AAA: You have two books coming out in 2016. Do you usually work on multiple projects at the same time?
CW: In a perfect world, it's one and then another. Right now, Ava XOX came back in copy- edited form so today and tomorrow I need to read it again even though I've read it a zillion times. In Ava XOX, on the very first page, she finds out that this boy, Chuck, her best guy friend, who's been in the first two books, suddenly gets asked out by this new girl. He's sort of flustered and he doesn't want to hurt her feelings, so he says okay. Then suddenly Ava on page one is like what just happened? So she's dealing with a crush, but I also introduce a character who is quite overweight and she's sort of an unhappy twelve year old so I'm trying to...talk about the weighty subject of childhood obesity but with a light novelist touch. And I guess in a lot of my books I do try to dig a little deeper. With Speed of Life, that'll probably come out in fall of 2016, it's about a sad 15-year-old girl on the Upper West Side whose mother died eight months earlier and she's not over it yet. The novel starts on New Year's Day when she and her dad are putting away the Christmas tree. I don't know if we want to use the word sucked, but Christmas sucked! By the time the novel is over, it's exactly one year later and everything about Sofia's life is different. I like this book so I'm happy that it found a home, as we say.

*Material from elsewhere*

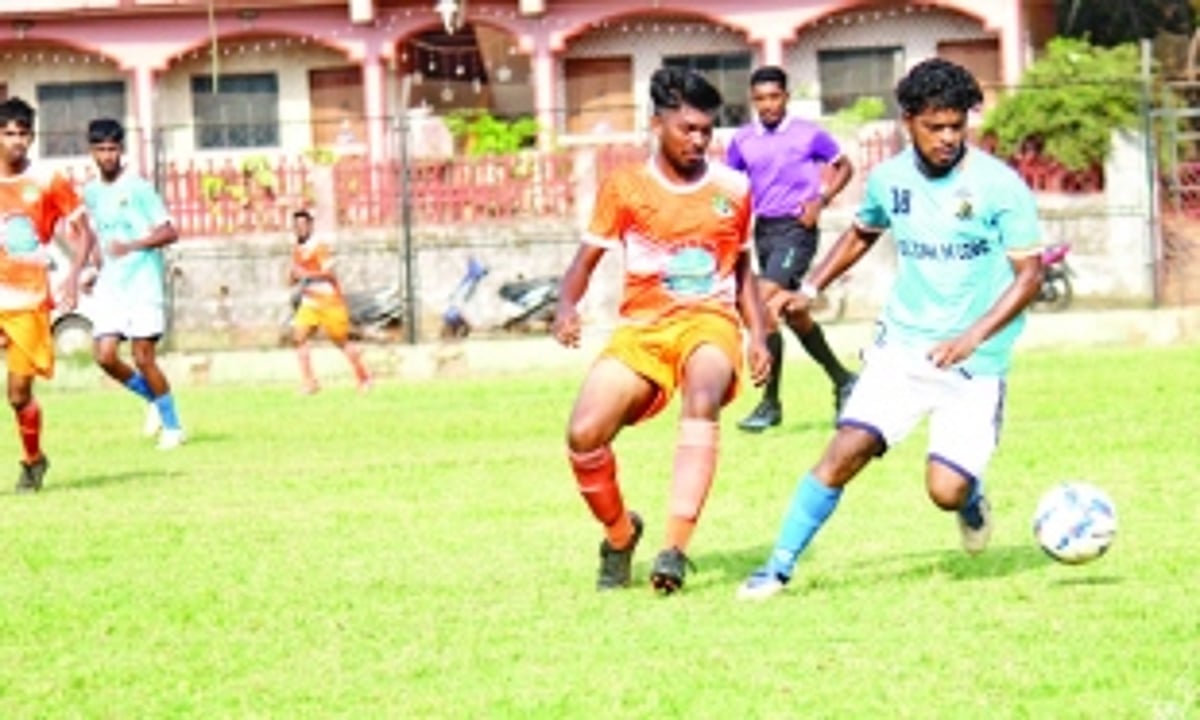 St Anthony’s SC register narrow win; Anantha scores  hat-trick as A A De Moira drub Goa Velha SC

AAA: Do you ever think you'll set another book in Armonk, or Westchester?
CW: The book that I was mentioning with the boy protagonist, I don't where I would set that. When I write about kids, it's always going back in my own mind to my own childhood so a lot of that does play in Westchester, but it's also my kids’ childhood, which is New York City. It worked well to be an Armonk and a Westchester girl before I hit the wide world. I think for writers, you have to find your voice, and the world is noisy, noisier than ever.

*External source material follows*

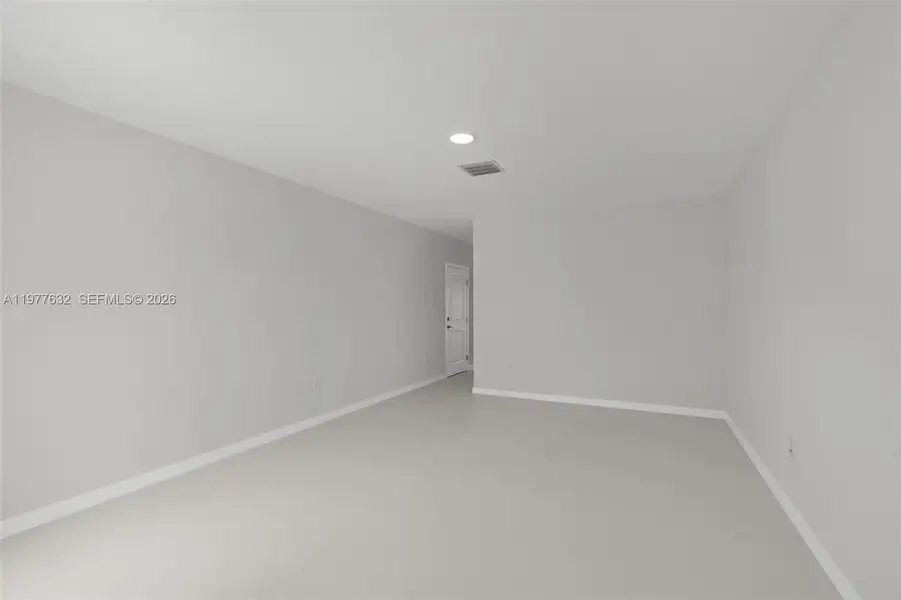 Spacious, unfurnished interior of a new home in , Miami (Image 9).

Living in Armonk for me made it easier to hear my own voice. Now, when I walk in Windmill I always think wow, I spent so many hours in that house. It's so fun to be a grown-up in a neighborhood where I was a kid because I had a crush on that boy, and she was my best friend, and I took care of their kids and it's so alive…
I liked Mr. Wollenberg, Byram Hills High School English teacher, may he rest in peace, and Mrs. Goodmen, and there were other teachers who were helpful in Armonk. I got an English prize in eighth grade from Byram Hills and that was gratifying, validating and encouraging. I was lucky to have a pretty darn happy childhood.
When my dad died when I was twenty-five, life took a couple of turns, but I feel lucky that I was a child in Westchester, and a preteen and teen in Armonk. I feel lucky that I'm able to keep the house I grew up in for our family.
Keep your eyes out for Ava XOX and Speed of Life this year. Go along with Ava and her crazy antics, and hang on for Sofia's life-changing year. I predict you'll enjoy Carol Weston's sparkling wit and depth of emotion.